Martin Fowler describes some of the “code smells” related to inquisitive code with funny and memorable names such as, “feature envy” where one object is constantly accessing the features of another object that should be part of the responsibilities of the calling object, and therefore part of the calling object. He also uses the term, “inappropriate intimacy” for inquisitive code because when one object calls into other objects in this way, it often becomes bound to those other objects’ implementation. This kind of interdependence drives the cost of change up because when one piece of code is changed the dependent pieces break and must also be changed to be kept in sync.

When code is assertive instead of inquisitive, all the behavior is in one place so it’s far easier to read and understand.

Code that is inquisitive also has encapsulation issues because the state and behavior that it should possess is somewhere else and often the state that needed to be shared between these behaviors in separate objects is better left private.

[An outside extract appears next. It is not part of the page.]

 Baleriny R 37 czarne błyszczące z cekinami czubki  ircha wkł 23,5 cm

All of these issues are bad but as we start to scale up, writing multi-threaded issues and multi-user systems, these issues become paramount. Inquisitive code is more difficult to make multi-threaded and to run on high availability servers. If high performance is important then writing assertive code is also important.

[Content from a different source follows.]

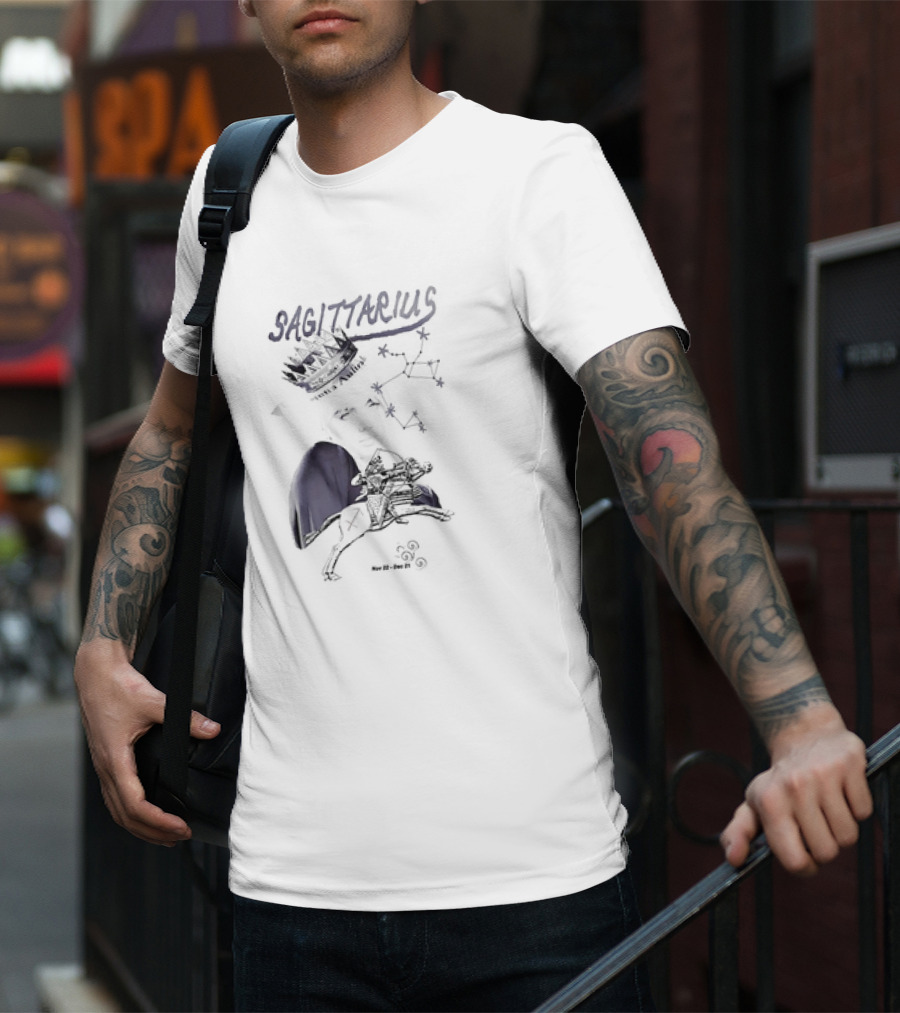 Sagittarius Vintage Crown Constellation Nov 22–Dec 21 T-Shirt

In a lot of ways, inquisitive code is a holdover from procedural programming. Procedural programs can be inquisitive. They can take a global perspective. But in object-oriented programs, we want to create behaviors through the interaction of objects rather than using explicit logic because it’s more maintainable and extendable to do it this way.

Assertive code supports this, inquisitive code doesn’t.

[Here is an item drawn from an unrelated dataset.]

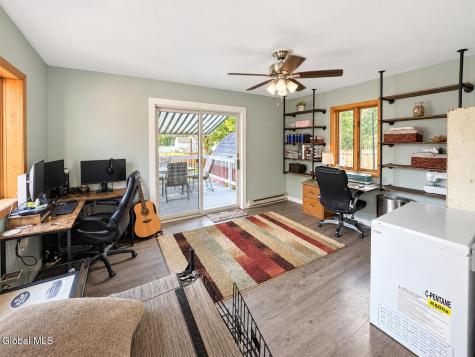 16 Carolyn Lane Glenville NY 12302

The next code quality, the “A” in CLEAN, stands for assertive.

I don’t hear a lot of people talking about it but I think it’s an important code quality. We want the software we write to be assertive, to be in charge of its own state. We want objects to tell the world things rather than ask the world things. Why? Because this fundamentally supports object-oriented programming.

We need to think of objects as autonomous units that are in charge of themselves, responsible for their own state, and capable of managing themselves. This is really important in making the object-oriented paradigm work. When the responsibilities of an object get spread out among multiple objects in a system it’s hard to understand what’s going on in the code. It makes maintenance difficult because we’ll have to touch several objects in a system. That usually means reading through a huge amount of code.

One way to think about assertiveness in code is to put all the behavior related to the data of an object with that object. Doing this makes the code more performant, makes it easier to test, makes it easier to understand, and makes the system more modular.

But sometimes, a process requires accessing data from more than one object. In this case, you may want to pick the object whose data it uses the most, or pick one for some other reason. It’s just a rule of thumb: Keep behavior with the data it consumes in order to keep the code assertive. That is, not constantly calling out to other code to access its state.

Assertive objects cannot be created in a vacuum. If all the other objects in a system are inquisitive then new objects will likely also be inquisitive. If a system is generally assertive, it should be rather straightforward to introduce other assertive objects. This is one of the other main benefits of having an assertive system. It’s much more straightforward to extend the object model because assertive objects are autonomous. They are in charge of their own state so they’re more easily migrated, extended, removed, or changed.

Assertive systems put the responsibilities of the system in the right places so that you can look at the object model and understand where a system’s behavior is. It thinks about the objects on the system as actors carrying out their task and implementing features.

Assertive systems are straightforward to understand because the behaviors in a system are in the right place, making code easier to read and understand.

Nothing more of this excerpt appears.